QiQi, l’ultimo baiji morto nel 2002: la storia del delfino dello Yangtze che non siamo riusciti a salvare

Quando QiQi morì nel 2002, in una vasca dell’Istituto di Idrobiologia di Wuhan, si concluse una storia che per anni era rimasta sospesa tra ricerca e speranza. QiQi era l’ultimo esemplare conosciuto di baiji (Lipotes vexillifer), il delfino del fiume Yangtze, e la sua morte segnò di fatto l’estinzione di una specie già in declino da decenni. Per oltre vent’anni, QiQi era vissuto in cattività mentre, fuori da quella vasca, il suo habitat cambiava irreversibilmente. Aveva circa due anni quando, nel 1980, era rimasto impigliato nelle reti di alcuni pescatori. Gravemente ferito, fu recuperato e affidato all’istituto di Wuhan, dove venne curato e mantenuto sotto osservazione. Fu poi trasferito in una grande vasca costruita appositamente per lui, soprannominata “Palazzo Bianco”, diventando il primo baiji studiato in ambiente controllato.

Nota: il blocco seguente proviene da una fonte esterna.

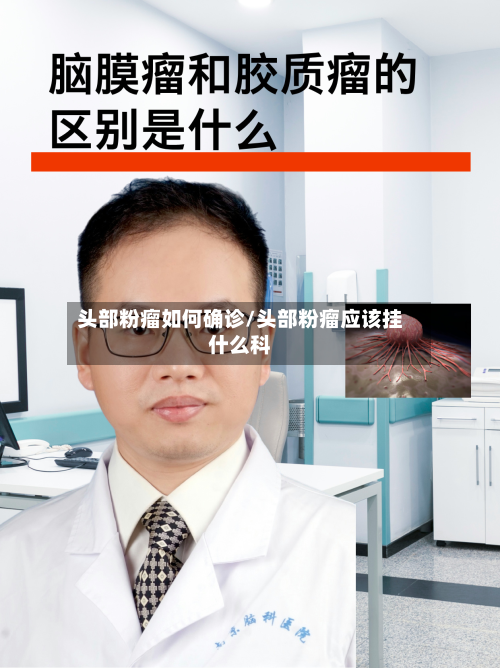 头部粉瘤如何确诊/头部粉瘤应该挂什么科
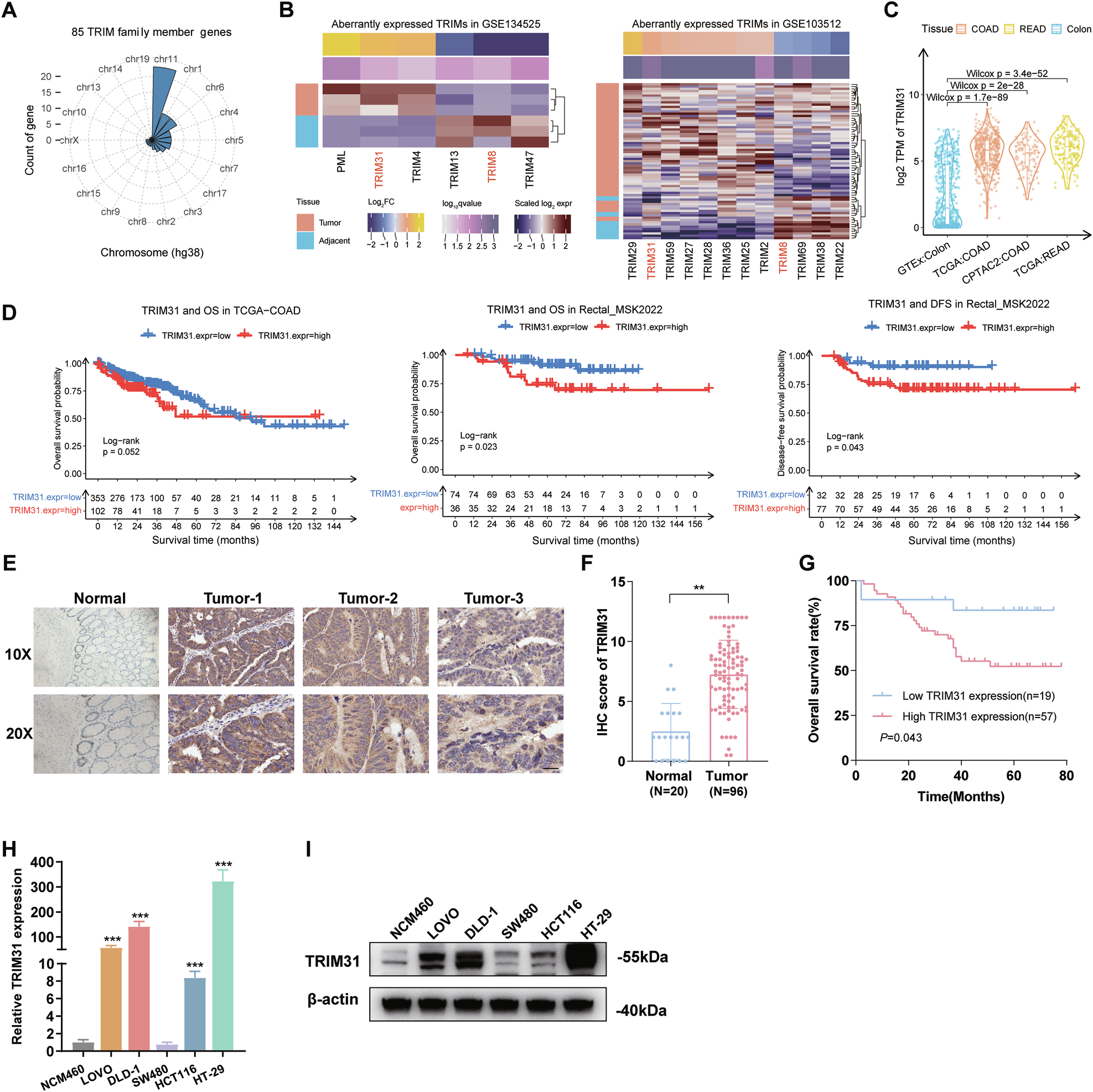 Fig. 1: Aberrantly activated expression of TRIM31 and its negative association with prognostic outcome in CRC.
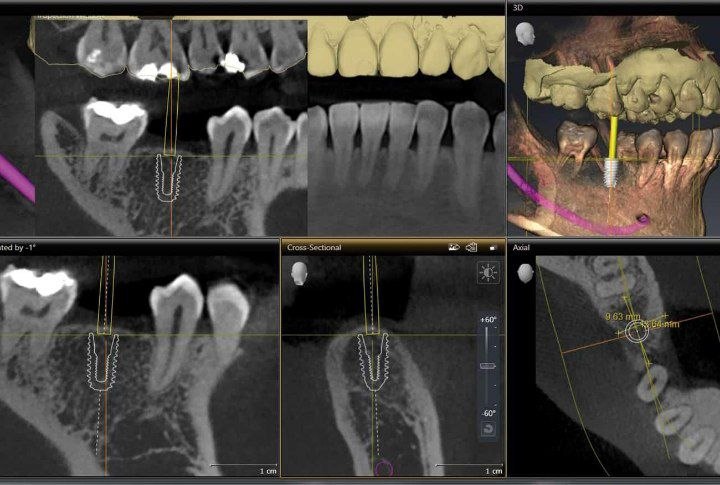 Initial implant stability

Nei primi mesi, QiQi era irrequieto e diffidente, ma con il tempo si abituò alla presenza umana, fino a riconoscere chi si prendeva cura di lui e ad avvicinarsi ogni giorno. Qualche anno dopo, nel 1986, i ricercatori provarono anche a non lasciarlo solo: gli vennero affiancate due compagne, nel tentativo di avviare la riproduzione, ma le due femmine non si adattarono e morirono poco dopo. Da quel momento QiQi ha trascorso la sua vita in solitaria.
Nel frattempo, nel fiume Yangtze la popolazione di baiji continuava a diminuire. La specie, soprannominata “Dea dello Yangtze”, era adattata a vivere in acque torbide, con occhi molto piccoli e una vista limitata, per cui si affidava quasi esclusivamente all’ecolocalizzazione. Tuttavia, nella seconda metà del Novecento, l’espansione industriale, l’inquinamento e l’aumento del traffico navale avevano trasformato profondamente l’ambiente. Se negli anni ‘50 si contavano migliaia di individui, all’inizio degli anni ‘80 erano già scesi a circa 400, fino a ridursi a pochi esemplari negli anni ‘90. I tentativi di protezione, come la creazione di riserve fluviali, non riuscirono a contrastare minacce diffuse lungo tutto il corso del fiume.
Dopo la morte di QiQi, gli scienziati tentarono un ultimo sforzo per trovare altri esemplari. Nel 2006 una spedizione internazionale lungo lo Yangtze non individuò alcun baiji, portando alla dichiarazione di estinzione funzionale della specie. “Potremmo aver perso uno o due individui, ma non sopravvivrà in natura” spiegò il naturalista August Pfluger, che partecipò alla ricerca. Negli anni successivi sono stati segnalati alcuni avvistamenti non confermati, probabilmente dovuti a errori di identificazione con la focena senza pinna dello Yangtze, oggi l’unico cetaceo rimasto nel fiume.
Il baiji e il fiume Yangtze: perché non è stato possibile salvarlo
Il baiji era una specie legata in modo esclusivo al fiume Yangtze. Questo isolamento lo rendeva particolarmente vulnerabile: a differenza dei cetacei marini, non disponeva di popolazioni distribuite in altri ambienti che potessero garantire una sopravvivenza alternativa.
Le minacce che hanno portato alla sua scomparsa si sono accumulate nel tempo. L’inquinamento industriale e domestico hanno compromesso la qualità dell’acqua, mentre il traffico fluviale ha aumentato il rischio di collisioni e il rumore subacqueo, interferendo con l’ecolocalizzazione. Anche la pesca intensiva ha avuto un impatto decisivo: l’uso di reti e attrezzi non selettivi ha causato catture accidentali, mentre la riduzione delle risorse alimentari ha reso più difficile la sopravvivenza degli individui rimasti.
Come spiegato dal biologo della conservazione Samuel Turvey, creare aree protette lungo il fiume non è stato sufficiente. Le pressioni ambientali continuavano a propagarsi lungo tutto il corso dello Yangtze, rendendo impossibile isolare completamente la specie dalle minacce. Anche i tentativi di avviare programmi di riproduzione fallirono, perché ormai il numero di esemplari era troppo basso.
La storia di QiQi rappresenta oggi “la prima estinzione di una specie di cetaceo causata dall’uomo”. Non è solo il racconto dell’ultimo individuo di una specie, ma anche una lezione concreta per la conservazione: quando un ecosistema viene trasformato dalle attività umane più rapidamente della capacità di adattamento delle specie che lo abitano, il tempo per intervenire può esaurirsi molto prima di quanto si pensi.